I wish Anger was that simple to only define it as a Fight response but well just like last week when discussing fear we must acknowledge that there is a spectrum. Anger is one that seems to be assumed that any anger is bad emotion but actually can be an extremely useful tool for the body to use. I detest when emotions are described as good or bad. These types of lines re rarely drawn when having conversations with those that are high in emotional intelligence. If someone is angry they are communicating. They are not stealing your "safe" space. They could be revealing a point of view that you didn't necessarily consider.

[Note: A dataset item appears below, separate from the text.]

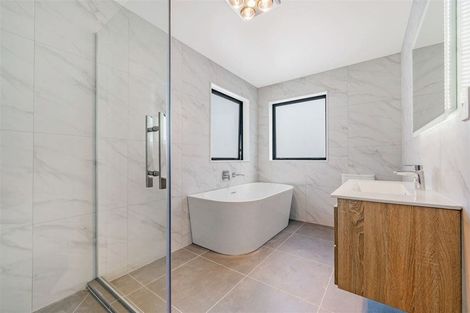 Photo of property in 5 Clara Road, Silverdale, 0932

So let's evaluate some different scenarios and you tell me if one is healthy use of anger and which one is ill balanced. Two kids are playing in the sand box, one takes the others toy which turns into the other one taking it back and hitting the OG of the situation. Which is to blame? How do we address these types of situations. Let's break down the emotions created. When anything you have is taken you have every right to be angry. That anger is justified right? The retaliation is the moment when your anger is taken too far. Anger is at a healthy justified standing point when it inclines you to walk away. When we use that emotion to retaliate that is a decision past the justified emotion. When we use our emotions to cause an expense then it quickly becomes what we all refer to as drama. The domino may have fallen with what you lost but the effects were continued by your decision to continue to engage. Anger does influence our available choices but it does not necessarily make the decision to retaliate. Let's break that down a little further using an amazing nugget of truth I picked up from a friend my Husband and I made over the weekend. He stated in our training that there is so much freedom in choice but once the decision is made, the freedom is lost. I frantically searched for my phone to document such profound wisdom! So you have the choice to pursue but what happens when you make the decision to retaliate? What happens when you make the decision to walk away? Those are the questions one has every right to ask. Now let me repeat that ANGER is a healthy emotion to feel. It is driven by passion and usually experience. No matter what level of experience you have when something feels as if taken away and it truly means something to you....your going to be angry. So explore your options. Explore your reality then make a decision to continue forward with the preparation and confidence in the life you are curating for you self.